DISCUSSION OF PROPOSALS

PROPOSAL 1:   AMENDMENT OF THE FUND’S STRATEGIES

Recommendation

           The Board recommends that you vote to amend the Fund’s investment policies and strategies. The amendment would remove the requirement to concentrate on Southeastern banking and savings and loan institutions and allow the Fund to invest, without limitation or regard to geographic location, in equity-related securities of issuers in the financial service industry.

Scope of Change

           The Fund’s current investment policies and strategies provide that it will seek to achieve its primary investment objective of long-term capital appreciation by “investing at least 65% its total assets in equity related securities issued by Southeastern banks, savings and loan institutions and bank and savings and loan holding companies.” As such, the Fund may only invest “up to 35% of its total assets in equity-related securities issued by banking and savings institutions (or their holding companies) located outside the Southeast and in equity-related securities of other United States issuers in the Financial Service Industry.”

           The proposed change will allow the Fund to invest across the financial services sector, including internationally, without limitation. If adopted, the Funds new investment policy would provide as follows: “The Fund will seek to achieve its primary investment objective of long-term capital appreciation by investing at least 65% of its assets in stocks of U.S. and foreign financial services companies of any size. These companies include banks, thrifts, finance companies, brokerage and advisory firms, real estate related firms, insurance companies and financial holding companies.” The Fund could invest the other 35% of its assets without limitations, although it is anticipated that the bulk will be invested in the financial services sector or in short term, liquid investments.

           In abnormal market conditions, the Fund may take temporary defensive positions. As such, the Fund may temporarily invest all of its assets in investment-grade, short-term securities. In such circumstances, the Fund may not achieve its objective.

           The policies and strategies, as they exist and as they would be amended by the proposal, are non-fundamental. That means that they can be changed without a shareholder vote.
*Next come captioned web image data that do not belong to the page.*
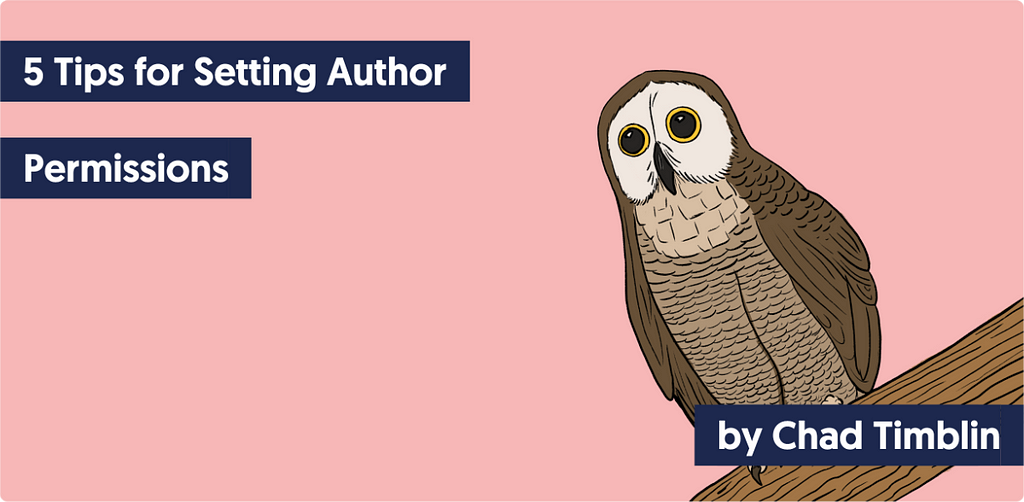 A brown owl sitting on a tree branch with this text: New post: 5 Tips for Setting Author Permissions — by Chad Timblin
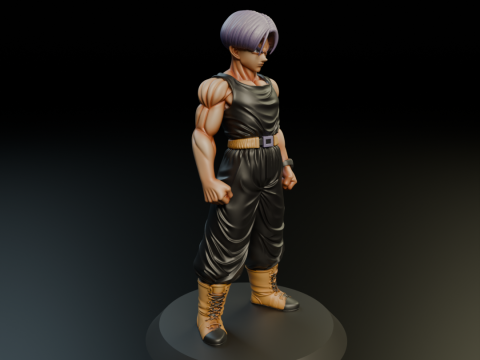 Trunks 3D Принт Модель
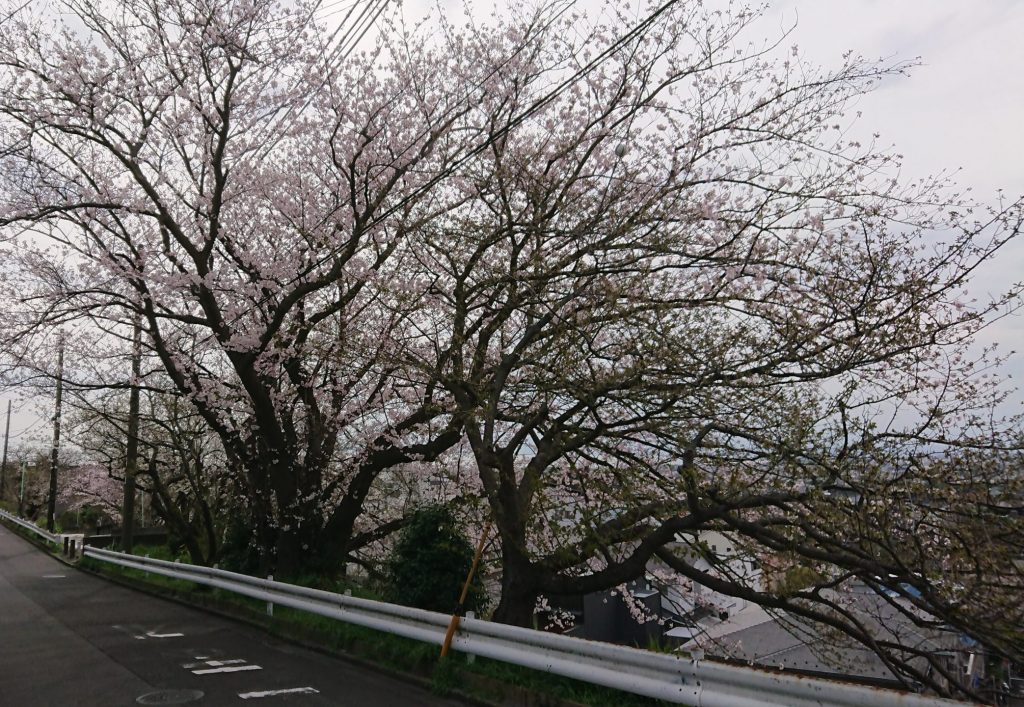 もうすぐダイアモンド富士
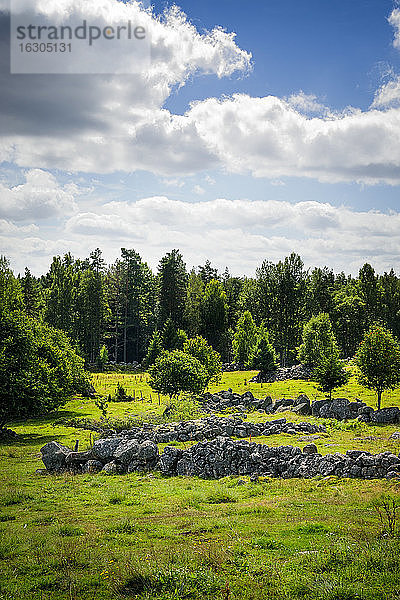 Schweden  Smaland  Kalmar laen  Vimmerby  Vassemala  Natursteinmauer  erratische Blöcke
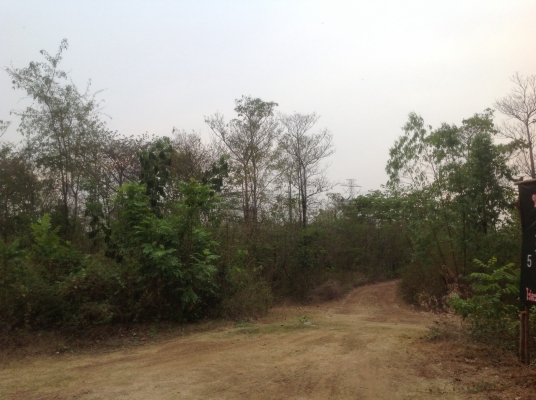 ขายที่ดิน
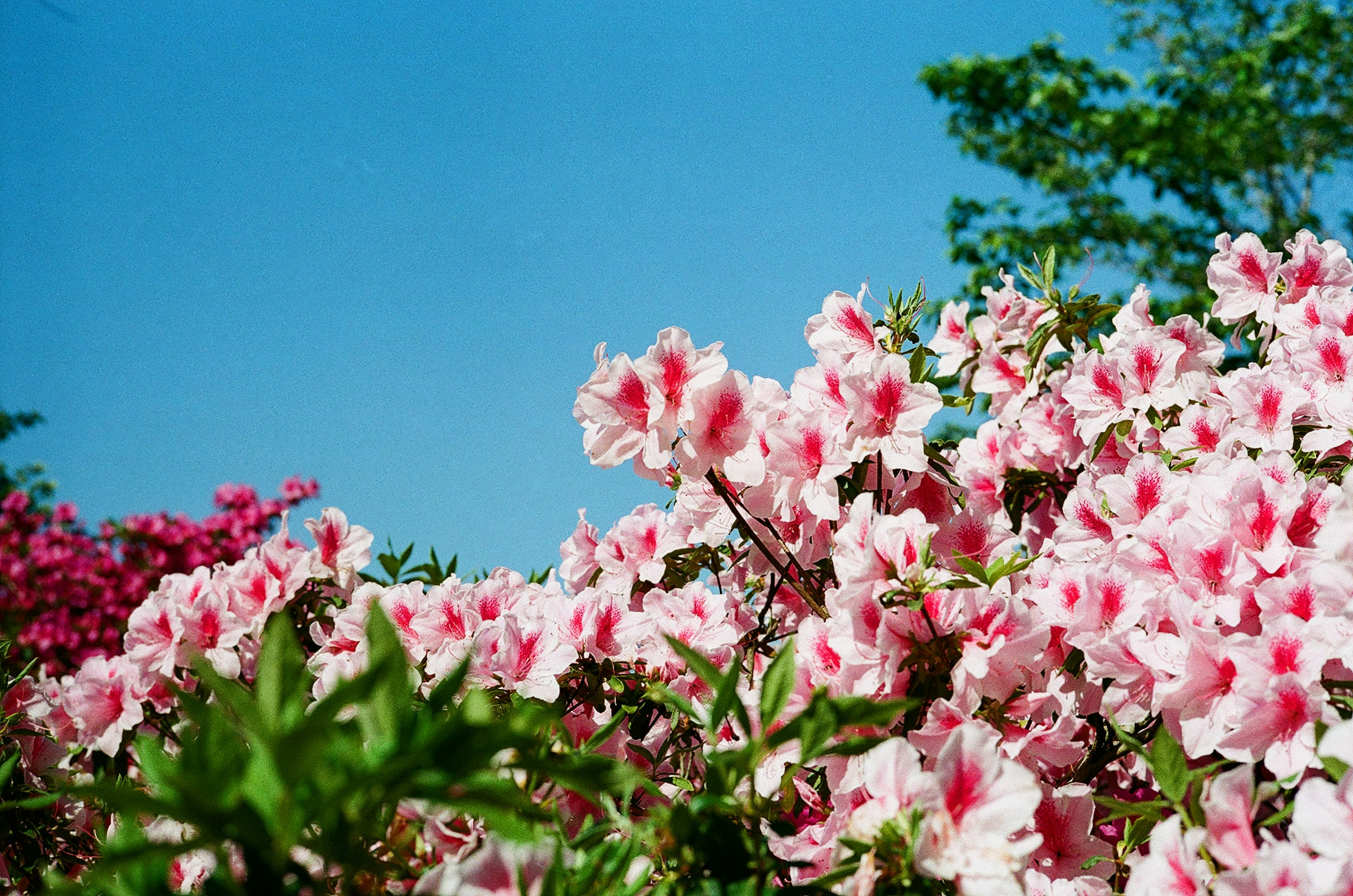 青空の下に咲く色とりどりのツツジの花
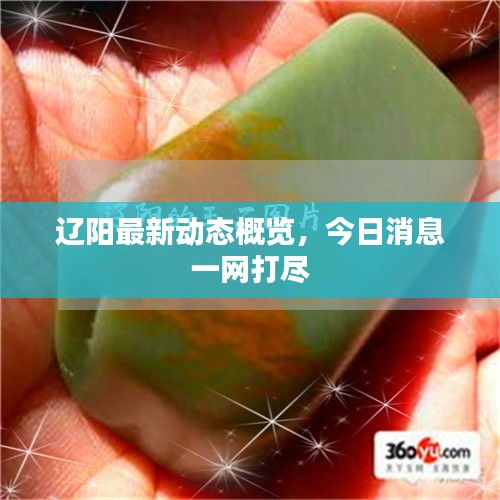 七贵三公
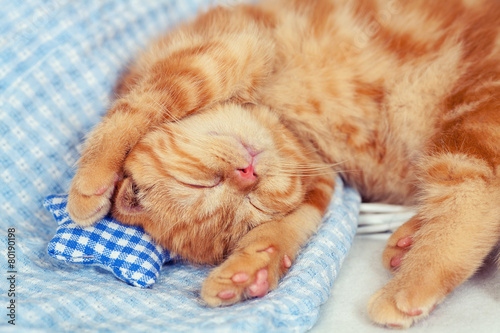Fototapeta Naklejka Na Ścianę i Meble -  Sleeping red kitten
Nonetheless, in this case, the Board believes that due to the scope and nature of the proposed changes, a Shareholder vote is warranted. As such, the Board has determined to call this special meeting to seek your vote on this matter.

Financial Services Sector

           The financial services sector includes banks, trust companies, broker-dealers, insurance companies, investment advisers, credit card companies, finance companies, credit reporting companies and other companies that provide services to those financial service companies. These companies are usually regulated by governmental or quasi-governmental entities and as a result are subject to the risk that regulatory developments will adversely affect them.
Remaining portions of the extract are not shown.